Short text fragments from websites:
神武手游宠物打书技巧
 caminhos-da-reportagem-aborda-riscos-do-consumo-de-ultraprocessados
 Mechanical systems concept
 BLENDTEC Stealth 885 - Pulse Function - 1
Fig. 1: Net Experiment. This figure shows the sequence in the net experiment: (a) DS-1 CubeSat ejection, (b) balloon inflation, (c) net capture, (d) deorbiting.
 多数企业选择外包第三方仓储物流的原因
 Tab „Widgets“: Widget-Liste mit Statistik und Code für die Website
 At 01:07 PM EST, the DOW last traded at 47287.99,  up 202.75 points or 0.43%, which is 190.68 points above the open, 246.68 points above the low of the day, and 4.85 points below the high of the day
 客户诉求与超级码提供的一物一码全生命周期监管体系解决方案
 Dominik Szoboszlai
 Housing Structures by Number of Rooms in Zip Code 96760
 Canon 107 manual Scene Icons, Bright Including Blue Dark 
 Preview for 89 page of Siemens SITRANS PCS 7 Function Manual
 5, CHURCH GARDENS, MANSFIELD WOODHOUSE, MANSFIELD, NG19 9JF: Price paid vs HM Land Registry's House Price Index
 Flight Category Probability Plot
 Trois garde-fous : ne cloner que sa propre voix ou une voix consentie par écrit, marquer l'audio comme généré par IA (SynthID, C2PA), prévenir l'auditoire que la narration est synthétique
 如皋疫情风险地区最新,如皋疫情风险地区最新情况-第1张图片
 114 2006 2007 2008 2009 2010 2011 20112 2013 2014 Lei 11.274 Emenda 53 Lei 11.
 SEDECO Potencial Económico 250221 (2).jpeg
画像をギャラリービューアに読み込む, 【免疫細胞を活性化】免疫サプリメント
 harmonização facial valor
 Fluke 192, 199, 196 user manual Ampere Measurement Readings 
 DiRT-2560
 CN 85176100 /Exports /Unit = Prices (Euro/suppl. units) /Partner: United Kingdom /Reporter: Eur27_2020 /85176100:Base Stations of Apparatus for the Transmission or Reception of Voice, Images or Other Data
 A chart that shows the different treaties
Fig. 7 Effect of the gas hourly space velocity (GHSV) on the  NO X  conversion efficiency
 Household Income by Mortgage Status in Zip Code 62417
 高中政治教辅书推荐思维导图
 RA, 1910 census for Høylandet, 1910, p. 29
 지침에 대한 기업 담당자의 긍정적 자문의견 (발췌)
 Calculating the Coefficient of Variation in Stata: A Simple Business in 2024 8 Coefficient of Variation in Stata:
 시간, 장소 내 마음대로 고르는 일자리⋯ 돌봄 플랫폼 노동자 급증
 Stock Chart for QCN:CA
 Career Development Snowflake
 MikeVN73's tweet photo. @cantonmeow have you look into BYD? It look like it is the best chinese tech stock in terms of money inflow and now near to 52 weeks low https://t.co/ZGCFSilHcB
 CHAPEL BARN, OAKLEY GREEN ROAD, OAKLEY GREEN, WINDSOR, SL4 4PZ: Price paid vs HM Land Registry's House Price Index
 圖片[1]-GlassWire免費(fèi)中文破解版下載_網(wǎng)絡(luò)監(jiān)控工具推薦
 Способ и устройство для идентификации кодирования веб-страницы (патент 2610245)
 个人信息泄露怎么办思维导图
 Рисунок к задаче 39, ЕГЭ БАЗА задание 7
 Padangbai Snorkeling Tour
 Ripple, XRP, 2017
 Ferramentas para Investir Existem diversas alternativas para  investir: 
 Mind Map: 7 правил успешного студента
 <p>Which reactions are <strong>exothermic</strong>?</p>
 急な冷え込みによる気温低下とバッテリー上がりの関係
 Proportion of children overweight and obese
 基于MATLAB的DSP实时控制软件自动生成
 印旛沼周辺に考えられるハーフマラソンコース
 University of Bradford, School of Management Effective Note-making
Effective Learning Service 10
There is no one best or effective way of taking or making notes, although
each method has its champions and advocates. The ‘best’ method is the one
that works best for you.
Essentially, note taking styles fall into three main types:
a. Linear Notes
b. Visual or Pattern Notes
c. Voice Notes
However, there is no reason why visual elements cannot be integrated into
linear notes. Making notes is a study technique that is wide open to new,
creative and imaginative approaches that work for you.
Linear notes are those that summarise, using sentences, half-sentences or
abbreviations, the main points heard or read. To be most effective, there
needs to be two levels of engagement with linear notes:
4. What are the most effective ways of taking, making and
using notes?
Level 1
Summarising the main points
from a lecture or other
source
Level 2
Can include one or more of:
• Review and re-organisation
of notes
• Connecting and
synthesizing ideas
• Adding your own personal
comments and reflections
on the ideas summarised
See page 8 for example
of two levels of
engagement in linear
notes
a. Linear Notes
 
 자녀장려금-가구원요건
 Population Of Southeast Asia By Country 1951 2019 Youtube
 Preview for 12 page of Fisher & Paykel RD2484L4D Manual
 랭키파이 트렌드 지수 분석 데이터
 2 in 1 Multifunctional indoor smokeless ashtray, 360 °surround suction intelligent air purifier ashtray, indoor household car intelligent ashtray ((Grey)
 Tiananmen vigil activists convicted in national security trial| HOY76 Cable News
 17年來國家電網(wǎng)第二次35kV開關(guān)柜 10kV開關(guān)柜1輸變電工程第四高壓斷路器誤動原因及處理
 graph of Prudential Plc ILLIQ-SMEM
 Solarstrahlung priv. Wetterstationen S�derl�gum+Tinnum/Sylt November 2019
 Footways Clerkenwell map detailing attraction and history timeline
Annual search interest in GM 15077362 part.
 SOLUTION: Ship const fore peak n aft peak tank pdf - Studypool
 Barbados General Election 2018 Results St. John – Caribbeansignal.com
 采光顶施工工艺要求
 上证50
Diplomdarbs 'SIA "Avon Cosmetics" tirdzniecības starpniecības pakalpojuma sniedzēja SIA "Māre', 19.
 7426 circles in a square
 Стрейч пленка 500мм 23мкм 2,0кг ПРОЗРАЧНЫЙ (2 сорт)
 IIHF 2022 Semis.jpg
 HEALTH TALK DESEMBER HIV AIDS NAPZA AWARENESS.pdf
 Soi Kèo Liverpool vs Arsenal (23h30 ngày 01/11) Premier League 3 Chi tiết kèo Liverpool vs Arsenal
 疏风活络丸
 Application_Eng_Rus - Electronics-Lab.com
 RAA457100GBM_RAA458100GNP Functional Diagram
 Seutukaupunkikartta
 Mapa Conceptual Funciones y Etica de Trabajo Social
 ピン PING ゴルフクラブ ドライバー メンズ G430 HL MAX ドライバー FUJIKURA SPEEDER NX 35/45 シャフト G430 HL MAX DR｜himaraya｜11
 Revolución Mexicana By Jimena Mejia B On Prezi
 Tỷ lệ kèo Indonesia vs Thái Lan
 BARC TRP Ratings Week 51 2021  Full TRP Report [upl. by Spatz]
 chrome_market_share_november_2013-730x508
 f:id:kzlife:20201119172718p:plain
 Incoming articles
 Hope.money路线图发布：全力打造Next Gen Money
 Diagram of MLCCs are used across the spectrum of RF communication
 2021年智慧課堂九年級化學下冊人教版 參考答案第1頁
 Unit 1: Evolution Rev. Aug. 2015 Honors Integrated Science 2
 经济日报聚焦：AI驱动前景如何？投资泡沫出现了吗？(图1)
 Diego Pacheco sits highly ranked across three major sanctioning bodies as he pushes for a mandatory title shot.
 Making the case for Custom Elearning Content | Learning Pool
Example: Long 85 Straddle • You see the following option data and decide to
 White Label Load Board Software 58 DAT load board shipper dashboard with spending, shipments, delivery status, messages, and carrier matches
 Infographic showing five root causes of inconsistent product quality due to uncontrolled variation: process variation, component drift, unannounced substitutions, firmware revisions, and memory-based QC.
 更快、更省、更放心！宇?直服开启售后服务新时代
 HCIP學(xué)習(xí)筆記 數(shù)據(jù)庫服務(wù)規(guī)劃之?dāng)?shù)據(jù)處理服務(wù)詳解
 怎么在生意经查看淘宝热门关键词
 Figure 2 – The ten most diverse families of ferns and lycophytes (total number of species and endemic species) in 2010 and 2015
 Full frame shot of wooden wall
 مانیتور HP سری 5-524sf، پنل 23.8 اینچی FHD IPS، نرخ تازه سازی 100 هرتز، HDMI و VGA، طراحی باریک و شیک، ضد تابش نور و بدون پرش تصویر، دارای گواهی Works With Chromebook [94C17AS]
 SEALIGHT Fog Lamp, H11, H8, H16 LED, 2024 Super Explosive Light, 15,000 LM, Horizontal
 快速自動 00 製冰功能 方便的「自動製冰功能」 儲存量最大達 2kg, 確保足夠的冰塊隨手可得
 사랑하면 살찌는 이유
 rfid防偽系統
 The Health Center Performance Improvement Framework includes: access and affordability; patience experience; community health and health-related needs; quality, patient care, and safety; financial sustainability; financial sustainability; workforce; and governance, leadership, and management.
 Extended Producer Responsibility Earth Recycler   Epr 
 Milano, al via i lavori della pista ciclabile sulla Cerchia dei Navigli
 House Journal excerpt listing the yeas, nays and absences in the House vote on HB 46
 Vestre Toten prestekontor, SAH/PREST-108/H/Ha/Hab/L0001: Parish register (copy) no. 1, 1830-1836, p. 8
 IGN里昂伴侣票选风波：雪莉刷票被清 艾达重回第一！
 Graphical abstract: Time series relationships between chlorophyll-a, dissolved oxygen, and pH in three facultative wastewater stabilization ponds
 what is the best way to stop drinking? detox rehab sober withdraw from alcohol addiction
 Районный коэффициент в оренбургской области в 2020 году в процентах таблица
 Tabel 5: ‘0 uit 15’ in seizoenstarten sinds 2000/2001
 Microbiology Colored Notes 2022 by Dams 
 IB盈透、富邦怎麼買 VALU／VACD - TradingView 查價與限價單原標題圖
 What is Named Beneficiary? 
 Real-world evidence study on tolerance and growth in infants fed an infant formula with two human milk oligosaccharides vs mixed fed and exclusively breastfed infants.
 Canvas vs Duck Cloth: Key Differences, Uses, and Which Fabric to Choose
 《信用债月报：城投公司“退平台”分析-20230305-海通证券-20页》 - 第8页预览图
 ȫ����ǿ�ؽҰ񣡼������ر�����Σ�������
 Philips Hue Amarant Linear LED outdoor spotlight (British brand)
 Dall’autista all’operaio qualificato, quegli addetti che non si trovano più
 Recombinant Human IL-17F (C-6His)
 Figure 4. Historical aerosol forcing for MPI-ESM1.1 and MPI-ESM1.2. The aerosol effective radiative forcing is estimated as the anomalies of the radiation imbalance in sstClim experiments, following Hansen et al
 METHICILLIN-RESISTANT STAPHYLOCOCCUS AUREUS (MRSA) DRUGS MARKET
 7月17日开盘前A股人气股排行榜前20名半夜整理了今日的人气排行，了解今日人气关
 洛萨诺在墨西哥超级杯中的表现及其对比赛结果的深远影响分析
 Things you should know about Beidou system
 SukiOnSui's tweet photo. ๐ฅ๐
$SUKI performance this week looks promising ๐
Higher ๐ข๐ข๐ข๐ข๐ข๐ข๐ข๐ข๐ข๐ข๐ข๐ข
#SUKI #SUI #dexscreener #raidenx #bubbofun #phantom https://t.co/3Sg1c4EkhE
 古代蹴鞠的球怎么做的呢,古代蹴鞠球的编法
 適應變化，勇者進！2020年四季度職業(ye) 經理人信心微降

- **Problem**: The lines above that hold the word "Full" need counting; write the count and nothing more.

- **Expected output**: 2